§ **Problem requirements**
Repeat exactly the lines below from the line that contains "Super 8 by wyndham middletown" to the last line, inclusive, without the pictures.

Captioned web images
....

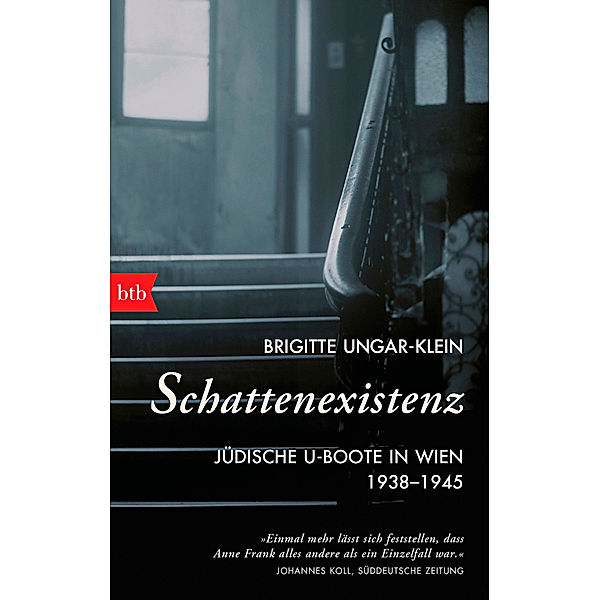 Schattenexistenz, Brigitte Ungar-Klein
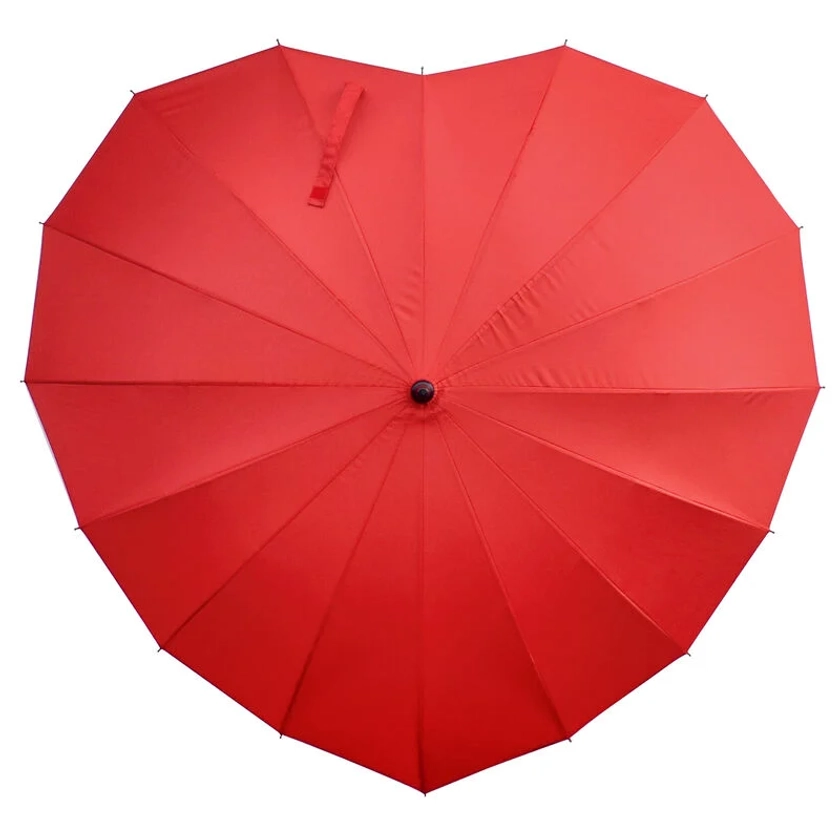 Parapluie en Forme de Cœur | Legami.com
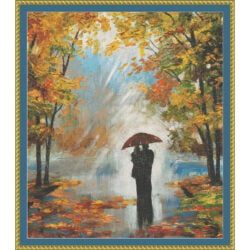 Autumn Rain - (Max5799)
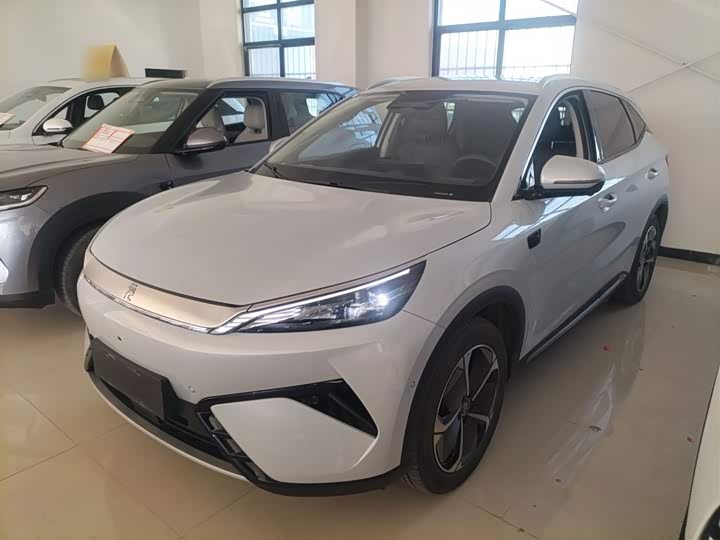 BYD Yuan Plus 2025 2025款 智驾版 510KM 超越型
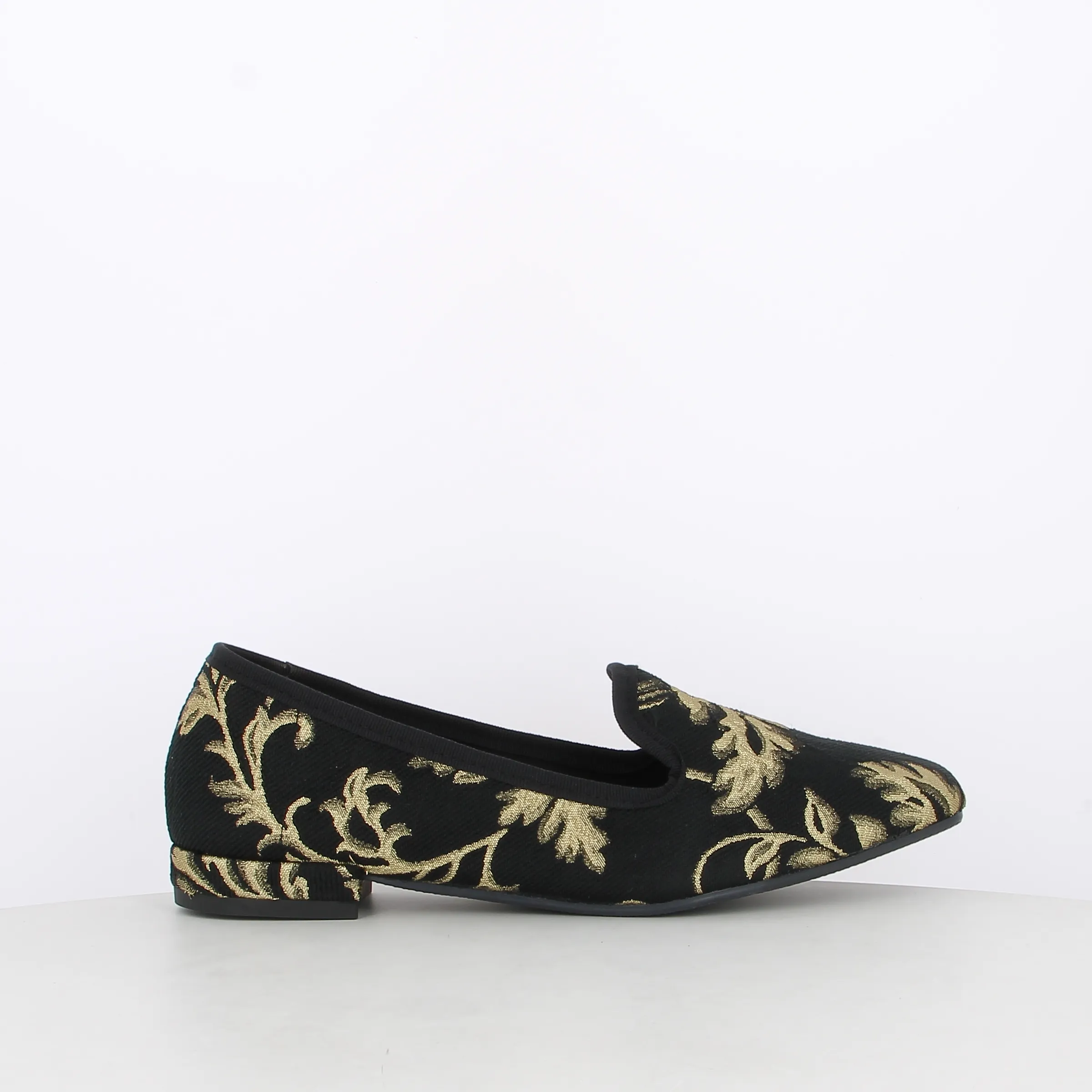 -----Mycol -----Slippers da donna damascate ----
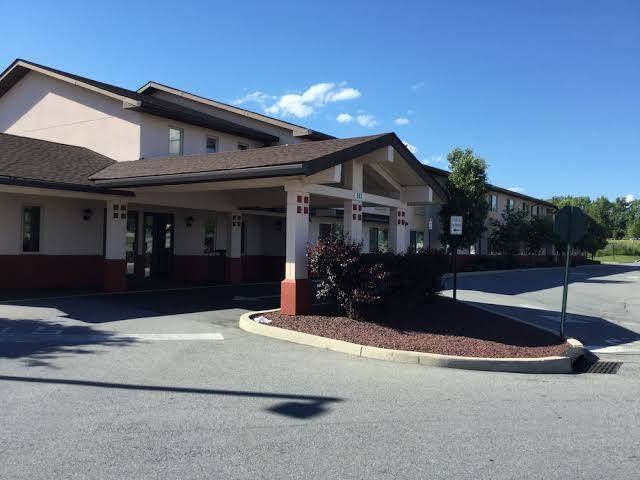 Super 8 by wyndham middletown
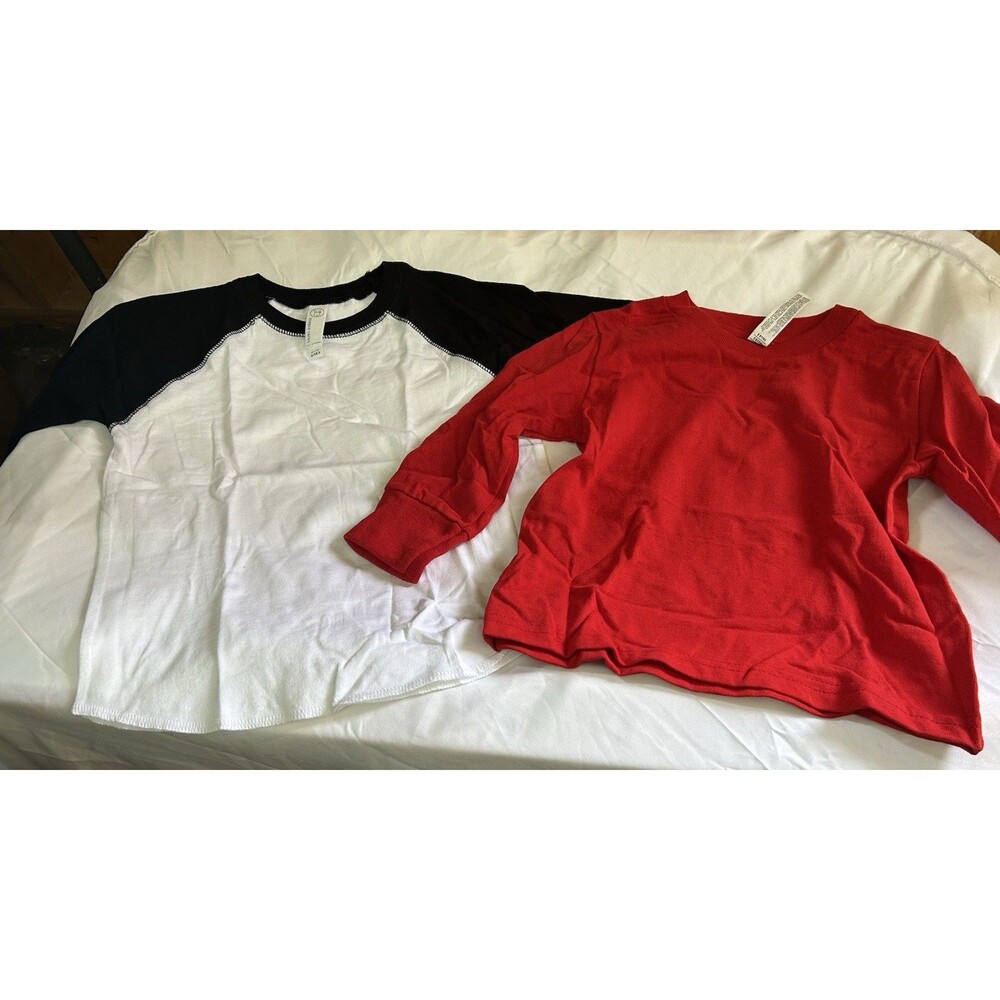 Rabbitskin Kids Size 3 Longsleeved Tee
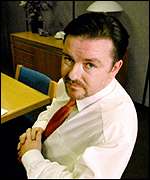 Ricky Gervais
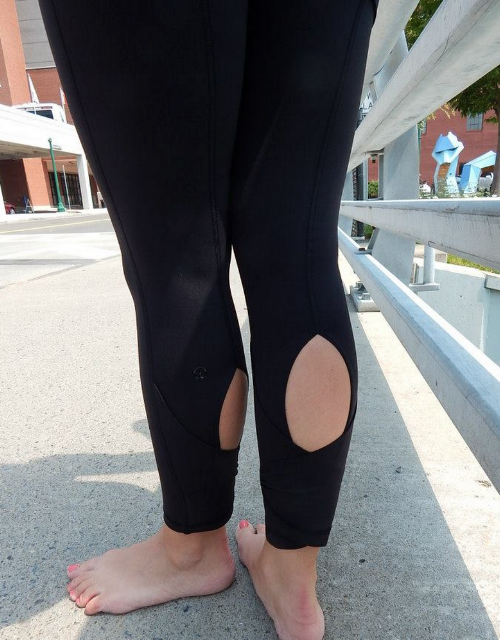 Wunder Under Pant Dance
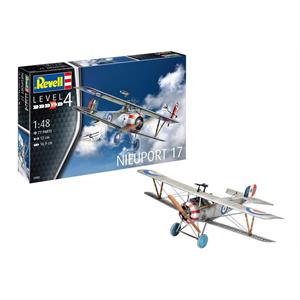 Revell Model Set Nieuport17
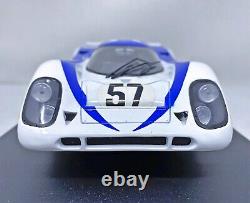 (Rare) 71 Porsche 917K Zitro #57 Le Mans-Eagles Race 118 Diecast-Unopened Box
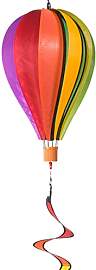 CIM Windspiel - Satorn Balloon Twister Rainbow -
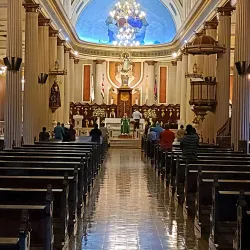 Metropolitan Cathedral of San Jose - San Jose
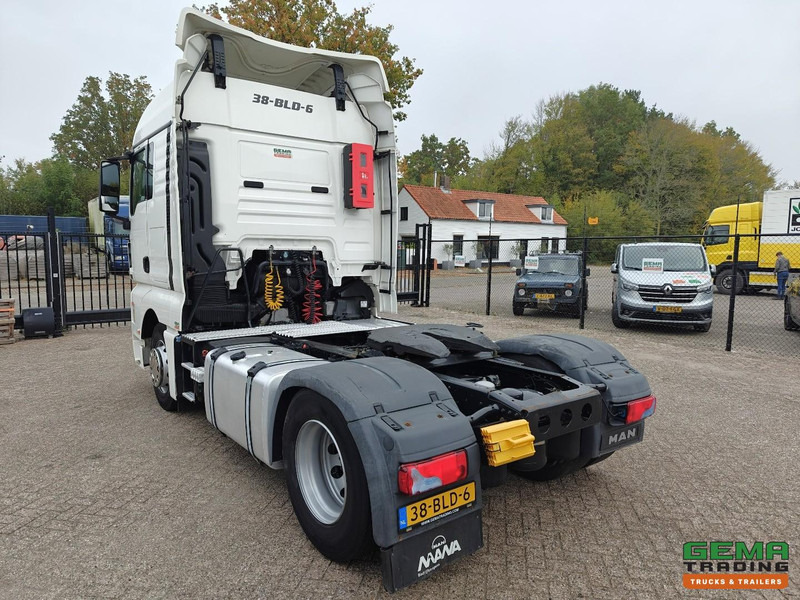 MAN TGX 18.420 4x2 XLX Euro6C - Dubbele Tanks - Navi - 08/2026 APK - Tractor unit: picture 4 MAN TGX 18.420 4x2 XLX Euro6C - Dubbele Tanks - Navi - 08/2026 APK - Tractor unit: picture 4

....

§ **Exercise solution**
 Super 8 by wyndham middletown
 Rabbitskin Kids Size 3 Longsleeved Tee
 Ricky Gervais
 Wunder Under Pant Dance
 Revell Model Set Nieuport17
 (Rare) 71 Porsche 917K Zitro #57 Le Mans-Eagles Race 118 Diecast-Unopened Box
 CIM Windspiel - Satorn Balloon Twister Rainbow -
 Metropolitan Cathedral of San Jose - San Jose
 MAN TGX 18.420 4x2 XLX Euro6C - Dubbele Tanks - Navi - 08/2026 APK - Tractor unit: picture 4 MAN TGX 18.420 4x2 XLX Euro6C - Dubbele Tanks - Navi - 08/2026 APK - Tractor unit: picture 4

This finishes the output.